Аннотация:
We describe new fine properties of Carnot–Carathéodory spaces under
minimal assumptions on smoothness of the basis vector fields. As a
corollary, we discover new geometric properties of weighted
Carnot-Caratheodory spaces. All these results are new even for a “smooth”
case. They play crucial role in the development of the differentiability
theory on sub-Riemannian structures (see, e.g., works by S. Vodopyanov
[1, 2]), in the investigation of non-equiregular
Carnot–Carathéodory spaces (see, e.g., work by S. Selivanova
[3]) and imply many basic results of the theory of non-holonomic
spaces (see, e.g., work by S. Basalaev and S. Vodopyanov [4]).
$ $ Definition (see, e.g., [5, 2, 4, 6, 7]).
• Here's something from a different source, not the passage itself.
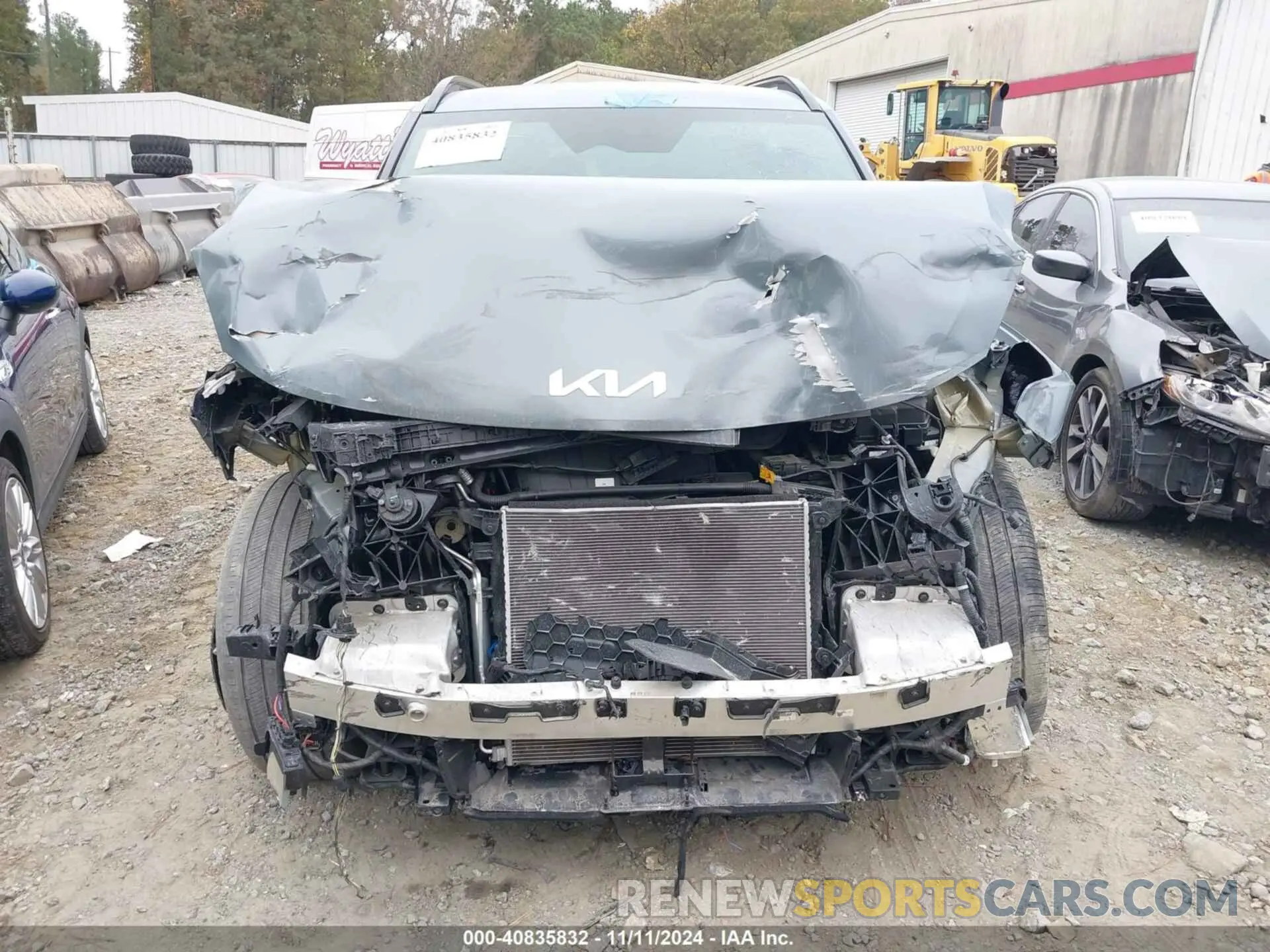 6 Photograph of a damaged car KNDAEFS54R6030209 KIA EV9 2024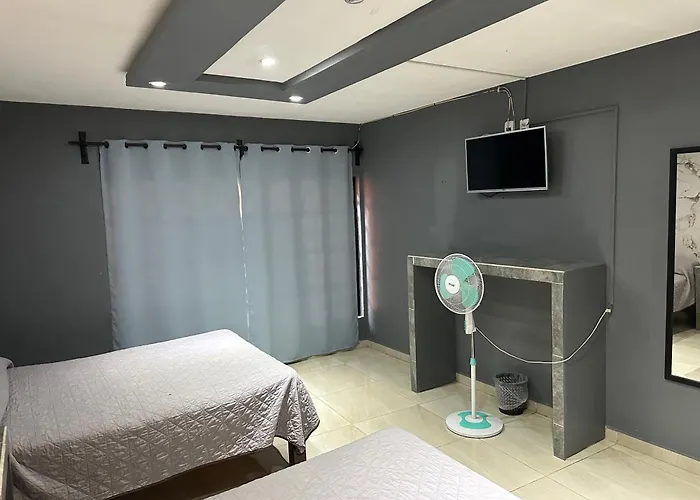 Hotel Calzada - La Barca Jalisco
Fix a connected Riemannian $C^{\infty}$-manifold $\mathbb M$ of topological dimension $N$. The
manifold $\mathbb M$ is called the
Carnot–Carathéodory space if the
tangent bundle $T\mathbb M$ has a filtration
$$
H\mathbb M=H_1\mathbb M\subsetneq\ldots\subsetneq H_i\mathbb M\subsetneq\ldots\subsetneq H_M\mathbb M=T\mathbb M
$$
by subbundles such that every
point $p\in\mathbb M$ has a neighborhood $U\subset\mathbb M$
equipped with a collection of $C^{1}$-smooth vector fields
$X_1,\dots,X_N$ enjoying the following two properties.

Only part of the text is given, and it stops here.